Milia-like cutaneous tophi

The patient was referred to the rheumatology department and treated with allopurinol (100mg/d), resulting in a gradual improvement in the lesions.

The clinical features of gout are caused by deposits of monosodium urate crystals in the tissues. The main clinical manifestations of gout are gouty arthritis, the accumulation of crystals in the connective tissues (tophi), uric acid nephrolithiasis, and renal failure.1 Tophi appear after a long period of hyperuricemia.
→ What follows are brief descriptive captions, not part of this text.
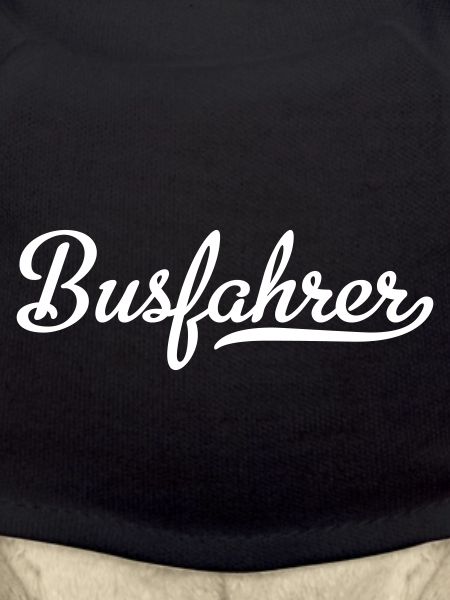 Busfahrer
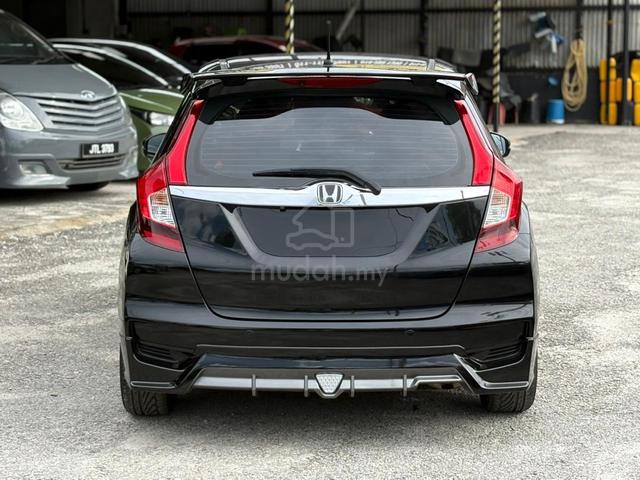 2021 Honda JAZZ E 1.5 (Warranty 3 Yrs ,Nego Letgo) - 3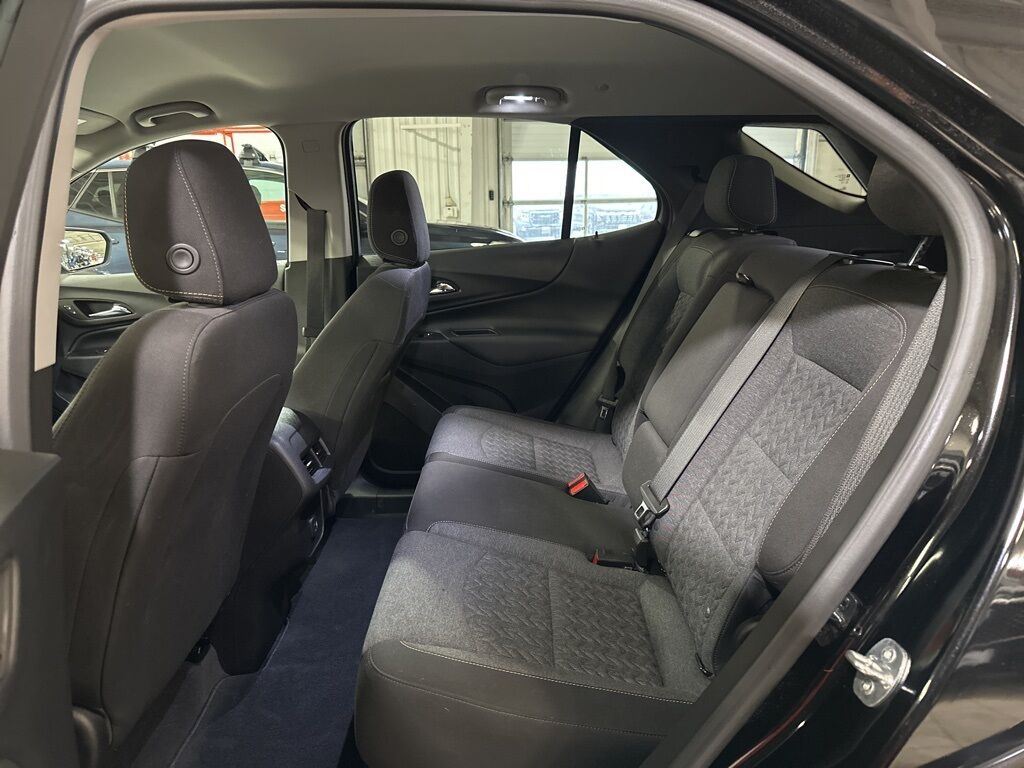 2022 Chevrolet Equinox LT Manitowoc WI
The prevalence of this condition has been reduced by effective therapies and is now limited to patients who fail to comply with treatment and those in whom the diagnosis of gout is delayed.2 Rarely, tophi may be the first sign of hyperuricemia.3 Tophi appear as whitish-yellowish dermal papules or subcutaneous nodules that are firm to the touch. The borders may be smooth or lobulated. They appear most frequently on the skin covering the joints and on the helix of the ear. Presentation as numerous small papules appearing rapidly on the hands is very rare. Historically, this condition has been referred to as intradermal tophi or pustular gouty tophi. The term milia-like tophi has recently been proposed for this entity based on the similarity between these lesions and millet seeds as well as the wider distribution of the lesions involving not only the fingertips, which has been previously described, but also the palms.4 The main histologic feature of gouty tophi is the presence deposits of an amorphous material within the dermis and subcutaneous cellular tissue. These deposits contain acicular clefts, caused by the dissolution of urate crystals, and are surrounded by an infiltrate comprised of histiocytes, in the form of multinucleated giant cells, and lymphocytes, sometimes with the presence of a fibrous capsule. The epidermis may be intact or ulcerated. During standard processing and fixing techniques most of the urate crystals are dissolved and fixation in ethanol or freezing of the tissue is therefore necessary to identify the crystals.5

When observed under a polarized light filter, the acicular crystals exhibit negative birefringence. The clinical differential diagnosis of gouty tophi should include xanthomas, rheumatoid nodules, and calcinosis cutis. The prolonged use of medications that reduce uric acid levels such as allopurinol can successfully treat newer, smaller lesions,6 while larger lesions may be removed surgically.

The authors declare that they have no conflicts of interest.